Verdachte heeft zich schuldig gemaakt aan medeplichtigheid aan hennepteelt. De Vietnamese tante van verdachte, [medeverdachte 1] , heeft samen met onder meer twee Nederlandse mannen een hennepstekkerij met meer dan vierduizend planten gerund. Verdachte spreekt zowel Vietnamees als Nederlands en trad op verzoek van haar tante op als tolk. Hierdoor is zij behulpzaam geweest bij het telen van hennep.
In de reclasseringsrapporten wordt onder meer genoemd dat verdachte het feit vermoedelijk heeft gepleegd uit loyaliteit naar haar tante. Verdachte had aanvankelijk problemen op verschillende leefgebieden, maar haar situatie is na verloop van tijd gestabiliseerd. Het recidiverisico wordt ingeschat als laag. Verdachte staat open voor hulp en de reclassering acht toezicht en behandeling geïndiceerd om verdachte verder te ondersteunen in haar proces van bewustwording en assertiviteitsontwikkeling.
Ter zitting heeft verdachte verteld dat zij inmiddels - vier maanden na oplevering van het laatste reclasseringsrapport - niet meer in de schuldsanering zit en dat zij werkt met behoud van uitkering.

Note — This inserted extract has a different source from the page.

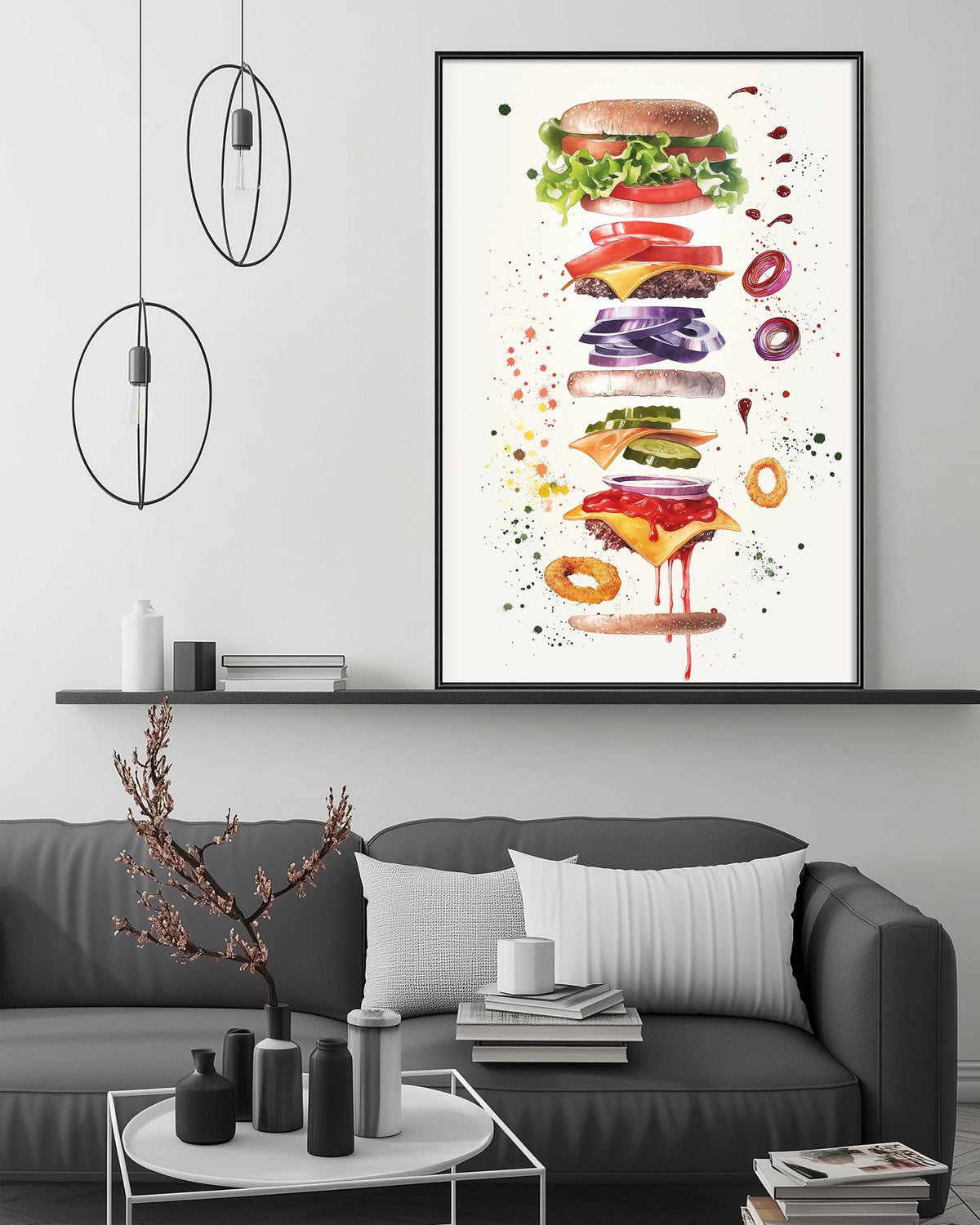 a large, colorful painting of a hamburger on a white wall above a gray couch in a living room setting.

Zij heeft geleerd van de situatie en acht hulp van de reclassering inmiddels niet meer nodig.
Gelet op het beperkte aandeel dat verdachte heeft gehad in de hennepstekkerij acht de rechtbank een taakstraf een passende strafmodaliteit. De rechtbank slaat tevens acht op de omstandigheden waaronder verdachte bij de hennepstekkerij betrokken is geraakt. De rechtbank acht het voorstelbaar dat het lastig was voor verdachte om de verzoeken van haar tante om als tolk op te treden te weigeren als haar jongere nichtje. Ook weegt de rechtbank mee dat verdachte niet lijkt te hebben gehandeld uit winstbejag; nergens blijkt uit dat zij voor het tolken betaald kreeg. Verdachte is niet eerder in aanraking is geweest met justitie en heeft (mede gelet op de relatief eenvoudige aard van het verwijt) lang in onzekerheid gezeten over de afdoening van haar strafzaak.
Alles overwegend acht de rechtbank een taakstraf van 100 uur passend en geboden. De rechtbank zal geen voorwaardelijk deel opleggen, gelet op het feit dat zij haar leven weer op orde lijkt te hebben en een stok achter de deur niet meer nodig lijkt.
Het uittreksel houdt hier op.